Además, las estadísticas del Ministerio de Justicia y del Derecho muestran un aumento en la tasa de homicidios, aunque de manera marginal. Pasó de 21.1 homicidios por cada 100,000 personas en 2026 a 25.4 en 2026 y 25.9 en 2026. Sin embargo, otros delitos como la extorsión han mostrado un crecimiento más pronunciado. La tasa de extorsión pasó de 19 denuncias por cada 100,000 habitantes en 2026 a 26.2 en 2026 aunque hubo una disminución en 2026 con una tasa de 23 casos por cada 100,000 habitantes.
La fragmentación de los grupos armados
Según Glaeldys González analista del Crisis Group para los Andes del Sur, el crecimiento de la violencia está ligado a la fragmentación de los grupos armados en Colombia. Estos grupos buscan consolidar su control territorial, utilizando la extorsión como una herramienta clave.
Luis Felipe Vega profesor de Ciencias Políticas de la Universidad Javeriana coincide en que el control del territorio, el narcotráfico y la minería ilegal son los temas fundamentales. Estos grupos ejercen su poder a través de la intimidación y alianzas con gobiernos locales.
Un giro en la relación con Estados Unidos
La llegada de De la Espriella al poder marca un giro político en Colombia tras cuatro años de gobierno de izquierda. El nuevo presidente, quien se identifica como republicano ha prometido una estrategia de seguridad más agresiva con el apoyo de Estados Unidos e Israel.
De la Espriella, quien ganó las elecciones en julio, ha prometido bombardear a las organizaciones ilegales con el apoyo de estos países. Su iniciativa, llamada Plan Colombia II hace referencia a la millonaria cooperación de Washington con Bogotá a principios de siglo.
No habrá zonas vedadas para el Estado, no habrá criminales impunes e intocables. No habrá organizaciones por encima de la Constitución y la ley advirtió en su primer discurso como mandatario electo.
Limitaciones y desafíos
Según González, esta política tiene serias limitaciones. A diferencia del primer Plan Colombia los grupos criminales están más fragmentados e integrados con las comunidades, lo que dificulta un combate frontal sin víctimas civiles.

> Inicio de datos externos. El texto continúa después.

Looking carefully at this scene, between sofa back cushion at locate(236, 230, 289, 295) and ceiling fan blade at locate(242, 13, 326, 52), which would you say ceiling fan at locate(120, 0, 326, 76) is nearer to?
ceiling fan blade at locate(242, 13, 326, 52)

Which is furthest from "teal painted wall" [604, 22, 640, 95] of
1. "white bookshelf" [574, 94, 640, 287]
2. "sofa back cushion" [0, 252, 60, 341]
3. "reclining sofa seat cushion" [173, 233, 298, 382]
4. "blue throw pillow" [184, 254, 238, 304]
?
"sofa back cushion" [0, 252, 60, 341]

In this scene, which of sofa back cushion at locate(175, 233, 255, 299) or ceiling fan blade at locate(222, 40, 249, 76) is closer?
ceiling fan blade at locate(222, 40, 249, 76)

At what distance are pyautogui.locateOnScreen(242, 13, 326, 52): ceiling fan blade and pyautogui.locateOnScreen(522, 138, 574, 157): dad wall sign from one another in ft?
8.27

Además, las Fuerzas Armadas ya no tienen el control del espacio aéreo, y los grupos armados cuentan con tecnología como drones lo que dificultará las labores de seguridad.
Sin embargo, Vega tiene una visión más optimista. Cree que el mayor presupuesto para el ejército y la cooperación con agencias de seguridad estadounidenses e inteligencia israelí permitirán un combate más efectivo del crimen organizado.

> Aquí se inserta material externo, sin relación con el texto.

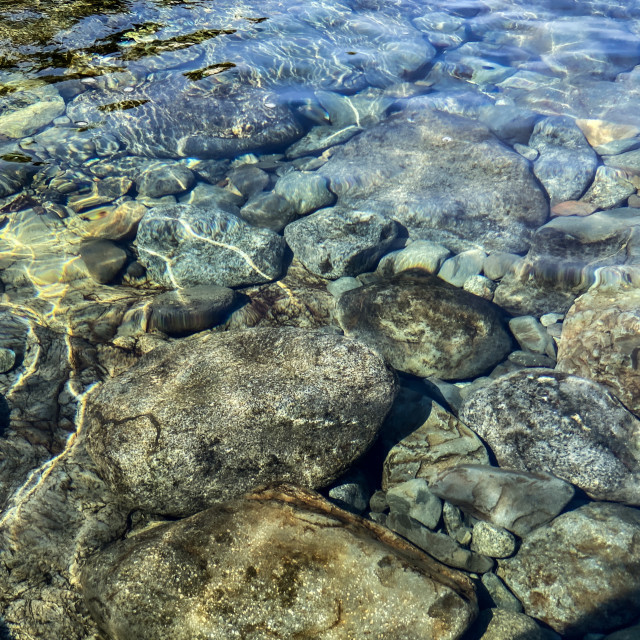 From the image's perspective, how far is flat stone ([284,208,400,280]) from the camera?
5824mm

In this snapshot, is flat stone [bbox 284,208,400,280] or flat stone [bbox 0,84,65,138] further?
flat stone [bbox 0,84,65,138]

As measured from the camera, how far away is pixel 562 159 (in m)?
7.28

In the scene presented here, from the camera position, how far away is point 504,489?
3.70 metres

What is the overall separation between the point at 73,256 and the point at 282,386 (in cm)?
367

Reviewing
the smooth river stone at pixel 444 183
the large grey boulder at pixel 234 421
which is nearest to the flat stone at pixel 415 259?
the smooth river stone at pixel 444 183

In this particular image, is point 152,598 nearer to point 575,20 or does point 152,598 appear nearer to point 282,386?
point 282,386

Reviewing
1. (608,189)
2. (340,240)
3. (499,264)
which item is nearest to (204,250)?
(340,240)

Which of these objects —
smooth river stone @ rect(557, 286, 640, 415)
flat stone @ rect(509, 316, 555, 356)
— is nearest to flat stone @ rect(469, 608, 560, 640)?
smooth river stone @ rect(557, 286, 640, 415)

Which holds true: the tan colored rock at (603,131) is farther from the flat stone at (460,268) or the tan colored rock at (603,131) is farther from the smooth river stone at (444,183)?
the flat stone at (460,268)

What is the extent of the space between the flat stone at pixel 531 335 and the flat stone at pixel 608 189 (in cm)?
278

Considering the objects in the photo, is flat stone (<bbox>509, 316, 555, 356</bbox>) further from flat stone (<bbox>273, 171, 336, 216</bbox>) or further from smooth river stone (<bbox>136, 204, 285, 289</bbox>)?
flat stone (<bbox>273, 171, 336, 216</bbox>)

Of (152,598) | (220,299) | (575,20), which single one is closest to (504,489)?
(152,598)

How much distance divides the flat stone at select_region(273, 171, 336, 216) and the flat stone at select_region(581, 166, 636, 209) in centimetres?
399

Los acuerdos de paz en riesgo
El desarme de un centenar de guerrilleros fue el mayor avance de la paz total promovida por el gobierno de Petro. Sin embargo, estos acuerdos suelen despertar desconfianza en las guerrillas, especialmente después de que más de 480 firmantes de paz fueran asesinados en la última década.

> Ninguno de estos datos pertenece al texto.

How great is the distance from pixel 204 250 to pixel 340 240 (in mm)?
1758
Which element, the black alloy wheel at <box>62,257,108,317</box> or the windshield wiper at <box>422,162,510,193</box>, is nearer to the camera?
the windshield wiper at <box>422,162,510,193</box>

De la Espriella ha sido crítico de los Acuerdos de Paz desde hace mucho tiempo, reprochando que no se respetó el resultado del plebiscito de 2016. Ha prometido desmontar la Jurisdicción Especial para la Paz el tribunal de justicia transicional encargado de investigar y sancionar los crímenes más graves del conflicto armado.
El nuevo presidente ha dado un plazo hasta el viernes a los miembros de las mafias para que se sometan a la justicia ordinaria. De lo contrario, les esperan dos caminos: muerte o cárcel.
A pesar de esto, De la Espriella ha mostrado su disposición a acatar las normas constitucionales que ordenan la implementación de los acuerdos hasta por lo menos 2030. González y Vega no temen por un abandono total de la agenda, pero sí por un cambio en la estrategia de implementación.
Para González, el nuevo presidente debería acelerar la implementación de los acuerdos de paz, ya que estos son la hoja de ruta más completa para combatir las causas estructurales de la violencia en Colombia.